Sociology and Social Policy Seminar: Modernity, Colonialism and Social Theory
February 24, Room 341 Social Sciences Building, Lunch at 12:30PM, Talk begins at 1:00PM
Since the 1970s when globalisation processes provoked a churning in social sciences, both social theory and theory of modernity have been reconstituted. While on one hand social theory has now defined its contemporary agenda as being a discussion on epistemic and praxiological concerns, the theory of modernity articulated in the global north frames globalisation as a perspective that relates to reflexivity, reflexive modernisation and risk society. I would instead argue that it is the theories emerging with the process of decolonisation initiated since the 1940s in the global South that provides a different take to both globalisation, modernity and social theory. These theories such as that of indigenous and endogenous perspectives, or of colonial and alternative modernities and that of the decoloniality not only present an epistemic alternative, but assert that modernity is a cultural and ideological project of organising an unequal and interdependent and interconnected history of capitalist globalisation across 500 years.

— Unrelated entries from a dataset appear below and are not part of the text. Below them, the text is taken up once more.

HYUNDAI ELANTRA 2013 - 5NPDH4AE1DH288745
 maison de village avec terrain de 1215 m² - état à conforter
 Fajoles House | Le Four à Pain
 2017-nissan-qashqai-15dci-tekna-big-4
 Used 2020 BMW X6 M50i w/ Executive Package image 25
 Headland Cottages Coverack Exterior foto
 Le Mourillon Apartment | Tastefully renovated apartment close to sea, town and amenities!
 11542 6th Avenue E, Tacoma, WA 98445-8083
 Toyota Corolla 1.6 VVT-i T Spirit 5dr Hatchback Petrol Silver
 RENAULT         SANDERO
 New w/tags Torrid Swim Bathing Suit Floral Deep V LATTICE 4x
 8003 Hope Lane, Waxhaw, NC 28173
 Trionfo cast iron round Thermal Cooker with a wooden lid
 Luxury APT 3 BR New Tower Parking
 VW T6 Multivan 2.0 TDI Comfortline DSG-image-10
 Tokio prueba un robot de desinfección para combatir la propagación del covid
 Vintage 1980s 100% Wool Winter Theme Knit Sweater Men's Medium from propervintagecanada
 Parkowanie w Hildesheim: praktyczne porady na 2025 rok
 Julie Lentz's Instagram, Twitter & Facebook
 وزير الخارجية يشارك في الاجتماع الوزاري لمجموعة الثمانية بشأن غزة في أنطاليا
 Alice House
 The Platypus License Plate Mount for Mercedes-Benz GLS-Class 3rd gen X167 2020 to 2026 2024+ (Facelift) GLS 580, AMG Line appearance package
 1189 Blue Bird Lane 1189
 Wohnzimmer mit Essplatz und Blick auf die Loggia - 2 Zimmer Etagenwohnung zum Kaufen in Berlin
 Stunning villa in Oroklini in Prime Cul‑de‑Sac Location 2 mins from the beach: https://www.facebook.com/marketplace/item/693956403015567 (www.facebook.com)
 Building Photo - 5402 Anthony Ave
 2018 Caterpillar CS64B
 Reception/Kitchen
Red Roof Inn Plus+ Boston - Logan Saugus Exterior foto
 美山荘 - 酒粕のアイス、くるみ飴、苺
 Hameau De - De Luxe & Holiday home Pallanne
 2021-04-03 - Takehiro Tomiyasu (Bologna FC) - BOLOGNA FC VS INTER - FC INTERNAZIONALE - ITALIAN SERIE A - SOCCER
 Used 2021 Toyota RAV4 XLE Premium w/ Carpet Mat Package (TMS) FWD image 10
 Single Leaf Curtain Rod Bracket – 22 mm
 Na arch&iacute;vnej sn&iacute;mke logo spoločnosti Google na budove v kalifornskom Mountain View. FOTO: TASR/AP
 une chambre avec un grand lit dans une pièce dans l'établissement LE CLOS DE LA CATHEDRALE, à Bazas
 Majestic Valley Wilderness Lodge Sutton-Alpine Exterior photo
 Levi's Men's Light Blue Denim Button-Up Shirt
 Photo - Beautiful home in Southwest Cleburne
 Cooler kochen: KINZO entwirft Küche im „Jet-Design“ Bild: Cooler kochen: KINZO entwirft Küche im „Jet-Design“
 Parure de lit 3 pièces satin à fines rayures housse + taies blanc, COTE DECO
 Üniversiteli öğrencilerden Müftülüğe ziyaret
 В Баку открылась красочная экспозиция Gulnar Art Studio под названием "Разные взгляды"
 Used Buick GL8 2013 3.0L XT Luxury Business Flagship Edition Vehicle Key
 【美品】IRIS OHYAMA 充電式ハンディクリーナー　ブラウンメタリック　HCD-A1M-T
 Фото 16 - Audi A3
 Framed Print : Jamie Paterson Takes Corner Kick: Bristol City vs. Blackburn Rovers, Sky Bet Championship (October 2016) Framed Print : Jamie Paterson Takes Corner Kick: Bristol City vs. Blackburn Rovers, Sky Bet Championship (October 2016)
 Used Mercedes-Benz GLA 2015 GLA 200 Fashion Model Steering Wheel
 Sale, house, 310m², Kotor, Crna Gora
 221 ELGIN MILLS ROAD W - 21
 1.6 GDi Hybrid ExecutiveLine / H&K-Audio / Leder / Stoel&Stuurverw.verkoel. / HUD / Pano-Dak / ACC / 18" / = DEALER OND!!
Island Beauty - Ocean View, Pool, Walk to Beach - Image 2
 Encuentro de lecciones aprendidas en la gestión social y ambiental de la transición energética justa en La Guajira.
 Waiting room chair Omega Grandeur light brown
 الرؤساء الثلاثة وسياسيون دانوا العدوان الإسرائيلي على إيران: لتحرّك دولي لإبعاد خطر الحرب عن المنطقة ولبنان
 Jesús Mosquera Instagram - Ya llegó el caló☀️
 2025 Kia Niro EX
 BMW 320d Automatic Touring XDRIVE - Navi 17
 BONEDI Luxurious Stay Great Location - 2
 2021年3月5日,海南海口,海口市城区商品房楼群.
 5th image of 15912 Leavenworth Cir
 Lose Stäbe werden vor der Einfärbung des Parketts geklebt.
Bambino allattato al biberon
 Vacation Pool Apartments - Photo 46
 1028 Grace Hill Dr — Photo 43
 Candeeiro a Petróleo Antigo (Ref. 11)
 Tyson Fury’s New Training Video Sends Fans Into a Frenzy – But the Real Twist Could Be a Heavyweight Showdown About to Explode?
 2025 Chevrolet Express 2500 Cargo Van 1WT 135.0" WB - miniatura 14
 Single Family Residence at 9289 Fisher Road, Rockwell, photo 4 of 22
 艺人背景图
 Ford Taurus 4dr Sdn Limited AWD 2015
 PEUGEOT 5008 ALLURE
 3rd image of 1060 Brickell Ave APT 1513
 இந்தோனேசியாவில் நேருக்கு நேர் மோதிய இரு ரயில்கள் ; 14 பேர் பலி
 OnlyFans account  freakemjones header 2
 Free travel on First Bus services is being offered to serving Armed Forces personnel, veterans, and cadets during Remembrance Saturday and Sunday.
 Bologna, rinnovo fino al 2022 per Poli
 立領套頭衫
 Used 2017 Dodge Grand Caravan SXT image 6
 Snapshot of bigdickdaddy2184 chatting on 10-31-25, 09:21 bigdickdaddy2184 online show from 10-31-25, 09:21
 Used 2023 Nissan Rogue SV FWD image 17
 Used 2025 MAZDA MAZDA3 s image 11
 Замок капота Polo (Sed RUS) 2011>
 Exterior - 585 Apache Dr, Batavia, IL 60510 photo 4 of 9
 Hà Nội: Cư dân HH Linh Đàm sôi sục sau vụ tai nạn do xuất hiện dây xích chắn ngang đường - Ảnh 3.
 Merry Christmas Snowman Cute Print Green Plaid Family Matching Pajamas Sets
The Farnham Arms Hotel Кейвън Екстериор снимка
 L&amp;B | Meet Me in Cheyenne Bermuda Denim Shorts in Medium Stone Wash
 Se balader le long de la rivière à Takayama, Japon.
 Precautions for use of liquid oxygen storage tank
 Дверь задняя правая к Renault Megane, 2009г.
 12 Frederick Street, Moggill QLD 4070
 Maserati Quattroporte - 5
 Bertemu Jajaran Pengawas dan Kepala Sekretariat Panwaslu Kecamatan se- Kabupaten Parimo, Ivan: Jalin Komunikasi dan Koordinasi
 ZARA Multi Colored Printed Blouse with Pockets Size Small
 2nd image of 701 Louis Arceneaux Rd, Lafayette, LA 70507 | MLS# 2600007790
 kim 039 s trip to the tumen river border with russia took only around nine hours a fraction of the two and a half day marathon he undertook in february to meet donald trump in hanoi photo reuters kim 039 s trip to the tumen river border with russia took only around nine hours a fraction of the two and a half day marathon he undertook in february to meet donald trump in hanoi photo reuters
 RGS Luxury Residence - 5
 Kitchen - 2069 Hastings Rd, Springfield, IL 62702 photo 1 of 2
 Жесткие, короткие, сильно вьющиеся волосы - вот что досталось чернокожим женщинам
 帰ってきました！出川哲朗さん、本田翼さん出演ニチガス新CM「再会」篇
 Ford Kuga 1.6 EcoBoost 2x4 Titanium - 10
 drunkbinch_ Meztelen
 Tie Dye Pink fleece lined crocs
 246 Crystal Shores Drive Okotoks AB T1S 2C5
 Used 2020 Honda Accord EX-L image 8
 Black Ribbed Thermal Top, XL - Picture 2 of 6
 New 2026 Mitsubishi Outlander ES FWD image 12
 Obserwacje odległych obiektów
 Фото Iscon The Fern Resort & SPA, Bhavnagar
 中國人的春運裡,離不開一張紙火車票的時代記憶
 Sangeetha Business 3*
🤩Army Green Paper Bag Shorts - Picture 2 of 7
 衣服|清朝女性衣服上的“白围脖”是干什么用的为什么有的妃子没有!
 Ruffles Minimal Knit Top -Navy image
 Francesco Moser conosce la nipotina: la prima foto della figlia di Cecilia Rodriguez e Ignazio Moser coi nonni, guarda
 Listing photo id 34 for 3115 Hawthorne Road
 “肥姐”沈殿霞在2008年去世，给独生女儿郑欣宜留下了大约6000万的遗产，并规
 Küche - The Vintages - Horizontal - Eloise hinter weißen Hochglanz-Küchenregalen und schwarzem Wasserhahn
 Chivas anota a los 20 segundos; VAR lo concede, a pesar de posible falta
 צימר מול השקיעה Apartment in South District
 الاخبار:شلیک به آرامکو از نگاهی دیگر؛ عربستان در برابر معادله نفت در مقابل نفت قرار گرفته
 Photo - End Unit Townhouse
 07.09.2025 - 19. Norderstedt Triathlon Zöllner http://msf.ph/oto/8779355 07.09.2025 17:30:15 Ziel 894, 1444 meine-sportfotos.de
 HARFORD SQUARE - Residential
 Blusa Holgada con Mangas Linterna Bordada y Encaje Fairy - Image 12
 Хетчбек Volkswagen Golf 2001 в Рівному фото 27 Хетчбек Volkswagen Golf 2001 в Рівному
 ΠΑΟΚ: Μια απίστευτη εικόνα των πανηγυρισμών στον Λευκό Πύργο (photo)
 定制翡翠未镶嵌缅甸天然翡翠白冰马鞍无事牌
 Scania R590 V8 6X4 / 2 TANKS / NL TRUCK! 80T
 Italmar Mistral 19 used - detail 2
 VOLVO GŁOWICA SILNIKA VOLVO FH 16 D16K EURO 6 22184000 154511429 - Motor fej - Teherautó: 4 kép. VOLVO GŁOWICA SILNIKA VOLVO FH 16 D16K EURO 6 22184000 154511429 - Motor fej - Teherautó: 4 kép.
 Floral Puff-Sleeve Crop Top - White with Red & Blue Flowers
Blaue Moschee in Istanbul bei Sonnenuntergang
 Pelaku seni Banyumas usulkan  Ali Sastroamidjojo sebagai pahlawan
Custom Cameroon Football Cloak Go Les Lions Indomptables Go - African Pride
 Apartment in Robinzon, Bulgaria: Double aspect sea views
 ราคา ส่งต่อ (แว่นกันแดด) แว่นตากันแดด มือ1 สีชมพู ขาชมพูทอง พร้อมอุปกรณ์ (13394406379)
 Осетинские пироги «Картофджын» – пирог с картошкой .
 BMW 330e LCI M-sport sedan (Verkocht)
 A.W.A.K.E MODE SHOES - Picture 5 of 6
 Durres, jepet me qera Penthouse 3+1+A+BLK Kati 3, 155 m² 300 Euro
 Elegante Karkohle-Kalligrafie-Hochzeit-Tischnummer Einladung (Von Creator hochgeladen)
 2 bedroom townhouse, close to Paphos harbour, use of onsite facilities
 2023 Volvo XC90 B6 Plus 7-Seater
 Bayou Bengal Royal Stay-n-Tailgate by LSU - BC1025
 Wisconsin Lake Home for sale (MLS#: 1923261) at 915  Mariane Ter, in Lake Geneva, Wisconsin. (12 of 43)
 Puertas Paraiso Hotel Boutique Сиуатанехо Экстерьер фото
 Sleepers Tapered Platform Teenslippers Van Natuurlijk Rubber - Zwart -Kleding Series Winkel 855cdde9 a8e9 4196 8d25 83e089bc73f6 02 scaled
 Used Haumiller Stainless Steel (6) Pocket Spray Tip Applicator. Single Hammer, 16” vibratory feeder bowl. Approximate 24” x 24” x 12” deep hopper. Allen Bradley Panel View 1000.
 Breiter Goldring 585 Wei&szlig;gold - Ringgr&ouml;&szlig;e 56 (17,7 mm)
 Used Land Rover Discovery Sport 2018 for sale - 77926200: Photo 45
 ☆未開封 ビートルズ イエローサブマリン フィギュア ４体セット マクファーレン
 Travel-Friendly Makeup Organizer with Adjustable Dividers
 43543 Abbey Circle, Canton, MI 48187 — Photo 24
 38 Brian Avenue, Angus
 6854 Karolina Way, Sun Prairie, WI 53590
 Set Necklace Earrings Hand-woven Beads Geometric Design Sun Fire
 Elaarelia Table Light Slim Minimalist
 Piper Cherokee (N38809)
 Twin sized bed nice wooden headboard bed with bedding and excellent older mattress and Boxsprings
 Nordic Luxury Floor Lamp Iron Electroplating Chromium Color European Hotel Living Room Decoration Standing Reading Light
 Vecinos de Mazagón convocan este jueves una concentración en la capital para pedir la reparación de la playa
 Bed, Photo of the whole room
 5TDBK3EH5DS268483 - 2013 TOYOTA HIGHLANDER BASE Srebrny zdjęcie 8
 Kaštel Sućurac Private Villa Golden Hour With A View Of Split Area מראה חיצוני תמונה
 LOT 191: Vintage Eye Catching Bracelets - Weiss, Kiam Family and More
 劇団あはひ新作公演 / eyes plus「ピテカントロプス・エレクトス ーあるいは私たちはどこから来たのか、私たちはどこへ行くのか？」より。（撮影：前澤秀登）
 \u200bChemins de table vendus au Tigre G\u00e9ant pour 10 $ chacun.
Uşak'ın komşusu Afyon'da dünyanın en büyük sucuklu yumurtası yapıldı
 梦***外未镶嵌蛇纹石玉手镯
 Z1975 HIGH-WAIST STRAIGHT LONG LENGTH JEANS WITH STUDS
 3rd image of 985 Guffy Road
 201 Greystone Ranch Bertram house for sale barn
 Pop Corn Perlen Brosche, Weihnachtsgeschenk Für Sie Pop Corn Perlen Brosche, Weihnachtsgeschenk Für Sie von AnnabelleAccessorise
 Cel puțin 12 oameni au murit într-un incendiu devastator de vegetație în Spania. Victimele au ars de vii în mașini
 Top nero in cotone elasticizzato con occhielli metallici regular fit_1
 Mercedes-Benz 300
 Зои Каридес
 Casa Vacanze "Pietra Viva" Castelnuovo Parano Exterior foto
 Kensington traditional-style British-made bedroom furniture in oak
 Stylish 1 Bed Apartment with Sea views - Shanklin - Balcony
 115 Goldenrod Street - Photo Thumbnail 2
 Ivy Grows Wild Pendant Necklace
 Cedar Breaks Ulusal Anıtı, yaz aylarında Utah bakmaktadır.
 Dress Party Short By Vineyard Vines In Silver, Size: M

It suggests that an inclusive theory of globalisation is possible only when Eurocentric positions on modernity are deconstructed and displaced and a new theory that embraces an inclusive comprehension of modernity is constituted. The above mentioned perspectives are rooted in particular contexts and are in turn based on praxiological concerns. These articulate ways to study of the economy, politics, cultural and environmental implications of contemporary global modernity. The presentation will also argue that the differing concepts and social theories suggest a need to accept theoretical diversity while attesting that it is the process of inquiry organizing social theory that asserts its universality rather than the substantive concerns of theory itself.
About the Speaker
Sujata Patel is a sociologist at the Indian Institute of Advanced Study, Shimla. An historical sensibility and a combination of four perspectives – Marxism, feminism, spatial studies and post structuralism – post colonialism influences her work which covers diverse areas such as modernity and social theory, history of sociology/social sciences, city formation, social movements, gender construction, reservation, quota politics and caste and class formations in India. She is the author of more than 60 papers and is the series editor of Sage Studies in International Sociology She has been associated in various capacities with the International Sociological Association and has been its first Vice President for National Associations (2002–2006).